Tubi has three musical comedies from the early 1930s, all starring Eddie Cantor, that are worth a peek. The best of the three is Roman Scandals with completely gaga musical numbers directed by Busby Berkeley. Berkeley also contributed to Whoopee!, shot in two strip Technicolor, which is bogged down by its stage bound presentation; like the film version of the Marx brothers' The Cocoanuts. The runt of this litter is Kid Millions, but it does contain wonderful turns by Ethel Merman and the Nicholas brothers. All three films were typically classy Samuel Goldwyn productions and all three films are greatly helped by Stuart Heisler's editing. Cantor was a quadruple threat talent who was already a huge star on stage and thanks to his recordings. Cantor's lineage of wisecracking smart alecks includes token goy Bob Hope and Woody Allen, though Cantor always remained a naif. He never employed a leer. Cantor proved to be good value for Goldwyn in response to the success of The Jazz Singer. Both Jolson and Cantor's film careers suffered parallel declines in the late 1930s. Scholars of the Production Code can note the difference between 1933's Roman Scandals and 1934's Kid Millions

Jiří Weiss' The Golden Fern is an epic Czech fantasy film from 1963. The film is shot in wide screen black and white, gorgeously lensed by Beda Batka (Marketa Lazarova, and, um, Little Darlings). The film concerns a 18th century shepherd who happens upon the titular and magical fern. A forest sprite morphs into a beautiful woman in order to retrieve the fern, but falls for the studly if arrogant shepherd. They have a brief idyll until the shepherd is pressed into service for the Austro-Hungarian Empire in their latest conflict with the Ottoman Empire. While serving the Empire, the shepherd become entangled with a haughty aristocrat played by Daniela Smutná who gives the film's best performance. She is just toying with the lad, but true love is betrayed and the fern crumbles to dust. The film is uneven. Some of the action and supernatural scenes are quite clumsy, but the scenes of life in an 18th century military camp are compelling. These moments left their impact upon Kubrick's Barry Lyndon much as Jaromil Jireš' The Joke influenced Full Metal Jacket. Interested parties should check out the immaculate disc from Deaf Crocodile.

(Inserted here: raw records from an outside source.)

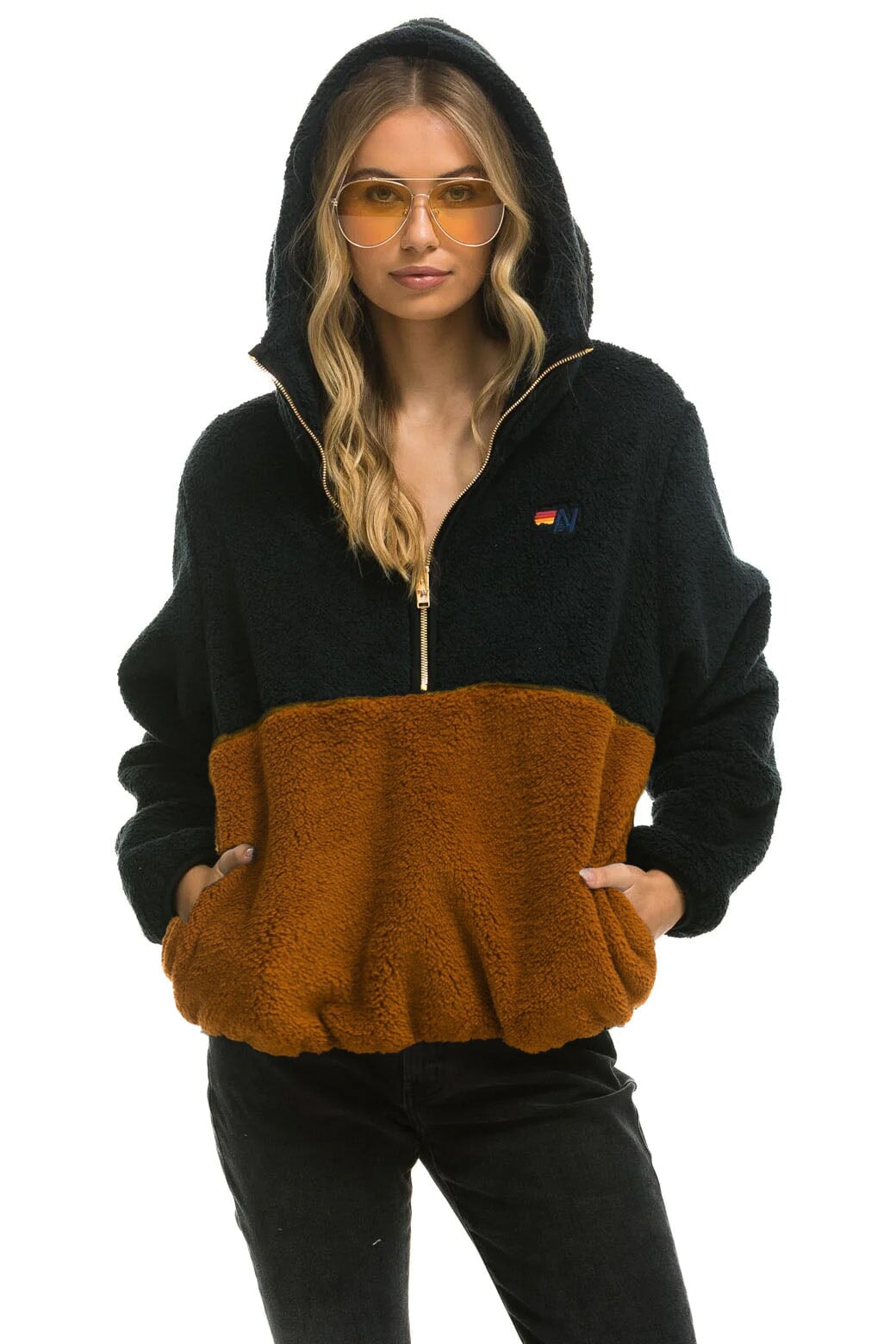 Aviator Nation TEDDY UNISEX HOODED HALF ZIP COLOR BLOCK JACKET - BLACK
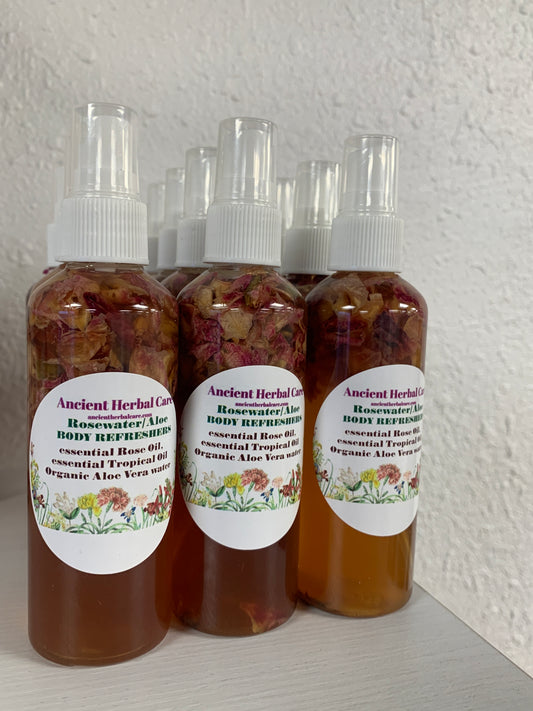 4oz Organi Aloe Rose Water/ Made with Rose Petals - Ancient Herbal Care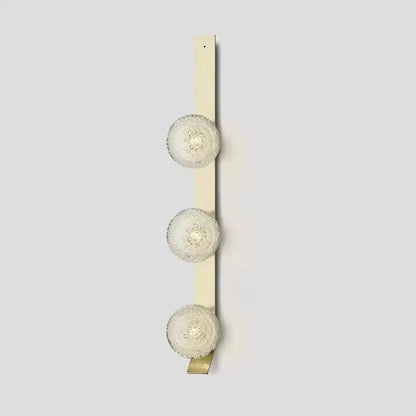 Contemporary brushed brass bubble glass wall light bedroom sconce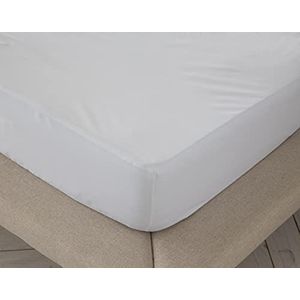 Hoeslaken, wit, 100% katoen, voor bedden van 160 cm (160 x 190/200 cm)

Frank Borzage's Song o' My Heart, from 1930, is Fox's attempt to concoct a vehicle for Irish tenor John McCormack. McCormack was one of the top recording stars and concert draws of the day. His repertoire ranged from traditional Irish ballads to opera. Fox paid him 500,000 clams and he liked Hollywood enough to buy an estate there. However, the film is a slipshod affair. I guess Fox figured they had already shelled out enough on this project, so every expense was spared. The story is drivel and the acting is horrid. The version on Tubi is mostly silent with 14 songs. Other, all talking, versions exist, but a 70 mm print is presumed lost forever. A half dozen of the musical numbers were taken from a recital, so this is one static picture. Featured are Alice Joyce, Maureen O'Sullivan (an Irish discovery by Borzage), John Garrick, and J. Farrell MacDonald, billed here without the J. Unless you want to see what McCormack looked like while performing, this is eminently skippable.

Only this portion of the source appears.